PROBLEM TO WORK ON: In the data below, find each line containing the string "with" and return it.

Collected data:

_____

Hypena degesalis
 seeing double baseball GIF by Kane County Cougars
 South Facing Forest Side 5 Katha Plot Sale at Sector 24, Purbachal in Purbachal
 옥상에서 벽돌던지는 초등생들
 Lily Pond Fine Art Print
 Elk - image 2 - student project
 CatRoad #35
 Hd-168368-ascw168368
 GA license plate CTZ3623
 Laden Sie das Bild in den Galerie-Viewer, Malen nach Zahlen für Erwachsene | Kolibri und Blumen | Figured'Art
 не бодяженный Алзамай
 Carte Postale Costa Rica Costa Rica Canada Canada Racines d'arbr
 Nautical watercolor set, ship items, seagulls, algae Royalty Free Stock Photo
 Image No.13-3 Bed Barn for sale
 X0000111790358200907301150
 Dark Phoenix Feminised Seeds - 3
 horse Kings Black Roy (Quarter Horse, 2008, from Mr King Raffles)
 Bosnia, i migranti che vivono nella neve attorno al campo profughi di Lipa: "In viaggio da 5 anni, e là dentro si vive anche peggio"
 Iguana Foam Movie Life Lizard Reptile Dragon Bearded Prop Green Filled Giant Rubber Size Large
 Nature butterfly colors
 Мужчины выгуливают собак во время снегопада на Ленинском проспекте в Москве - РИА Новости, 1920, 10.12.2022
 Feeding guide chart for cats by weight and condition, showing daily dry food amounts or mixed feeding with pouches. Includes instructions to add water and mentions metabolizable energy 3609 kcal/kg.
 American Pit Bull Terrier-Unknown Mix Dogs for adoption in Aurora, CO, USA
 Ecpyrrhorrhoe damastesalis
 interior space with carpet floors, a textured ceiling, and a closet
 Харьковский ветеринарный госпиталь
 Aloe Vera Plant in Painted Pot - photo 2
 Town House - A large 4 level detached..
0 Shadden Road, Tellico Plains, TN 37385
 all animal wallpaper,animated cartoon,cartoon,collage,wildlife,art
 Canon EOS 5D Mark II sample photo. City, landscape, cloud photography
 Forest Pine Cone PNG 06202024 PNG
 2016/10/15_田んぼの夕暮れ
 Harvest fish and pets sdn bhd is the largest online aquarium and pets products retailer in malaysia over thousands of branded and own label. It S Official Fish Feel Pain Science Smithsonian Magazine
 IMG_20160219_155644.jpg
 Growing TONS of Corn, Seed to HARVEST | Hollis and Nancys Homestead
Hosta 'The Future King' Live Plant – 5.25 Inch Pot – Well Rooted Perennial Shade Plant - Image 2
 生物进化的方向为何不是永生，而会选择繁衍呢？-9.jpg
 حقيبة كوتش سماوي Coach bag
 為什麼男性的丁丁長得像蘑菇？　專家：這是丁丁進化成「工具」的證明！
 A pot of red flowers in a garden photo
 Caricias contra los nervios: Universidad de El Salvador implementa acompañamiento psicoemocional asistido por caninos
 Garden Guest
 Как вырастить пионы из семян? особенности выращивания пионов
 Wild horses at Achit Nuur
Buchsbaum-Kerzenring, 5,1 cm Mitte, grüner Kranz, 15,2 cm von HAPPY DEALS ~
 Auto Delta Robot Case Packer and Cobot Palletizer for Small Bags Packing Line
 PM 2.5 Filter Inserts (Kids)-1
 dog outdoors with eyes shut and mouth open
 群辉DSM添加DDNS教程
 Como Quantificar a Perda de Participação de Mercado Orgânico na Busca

_____

SOLUTION:
 Feeding guide chart for cats by weight and condition, showing daily dry food amounts or mixed feeding with pouches. Includes instructions to add water and mentions metabolizable energy 3609 kcal/kg.
 interior space with carpet floors, a textured ceiling, and a closet
 dog outdoors with eyes shut and mouth open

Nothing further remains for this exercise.